Part of that dual reality is getting to know the people who are making Mary. Because Elfman didn’t have a physical co-star in scenes with her furry little friend, she had to imagine the reactions Mary might have based on whatever was in the script. But that can all change in post-production, which Elfman found out for herself after shooting.
“I went to visit the production house after we finished filming and saw 25 animators who are my co-stars!” Elfman said. “It was a whole dimension that became alive to me in a different way than when I was filming.”
Elfman realized she could work with these “co-stars” to help shape the comedic rhythms of not only Mary’s performance, but her own. After all, they’re spending hours staring at every frame of her performance, so why not take advantage?
“I could really sit down with these guys and plan out certain reactions and relationships, and then have that in my head while I’m filming,” Elfman said. “That’s a whole other expansion of the performance.
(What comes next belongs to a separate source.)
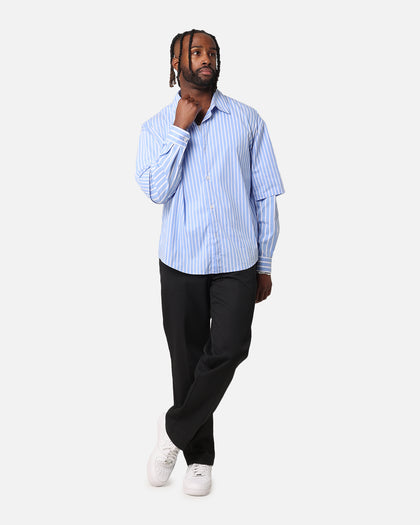 white dress shirt with blue stripes Comfort Stretch Non-Iron Stripe Dress Shirt With Contrast Trim - White/blue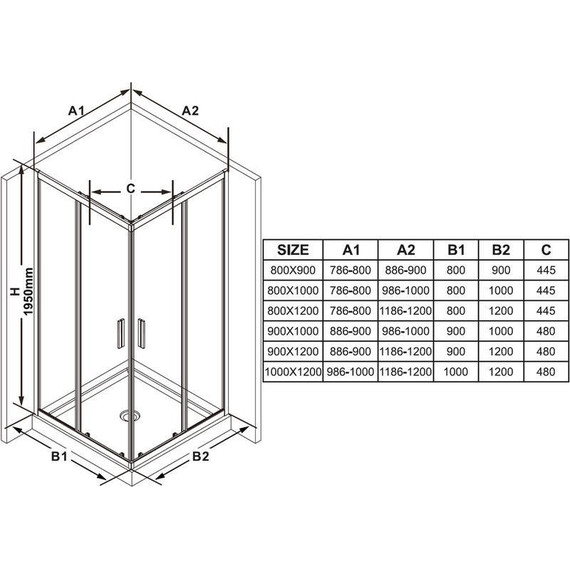 Душевое ограждение Ravak Blix Slim BLSRV2K 120х100 см X1XMG0C00Z1+X1XMA0C00Z1 алюминий/прозрачное - фото 5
It’s never-ending, the amount of knowledge in a new arena like this.”
The creators of Mary realize this as well. Patrick Osborne, the co-creator of the series and Mary’s primary animation designer, said they tried out two different versions of the creature before settling on what fans see today.
“It went through a lot of iterations — conversations, napkin sketches, more conversations — until we kind of landed here,” Osborne said. “And honestly, we didn’t land here until after the pilot. […] Then the writing went [in a different direction] from the little monster that it was [originally], and she needed to have more appeal and arc. We realized we needed the character to be likable and not just be a cute little thing.”
But will Mary change again, over time? Will Alice’s imaginary friend develop as Alice does?
“We’ve talked a little bit about [that],” Osborne said. “You’ll have to watch and see. In success, we hope to open up that work a little more and evolve with Jenna’s character.”
Elfman, too, is hoping for more time with Mary.
“I think I did a good job in this first batch [of episodes], but I definitely want to expand on that,” Elfman said. “My learning curve is all on camera. I learned more and more [every day], and there’s still more I’m learning.”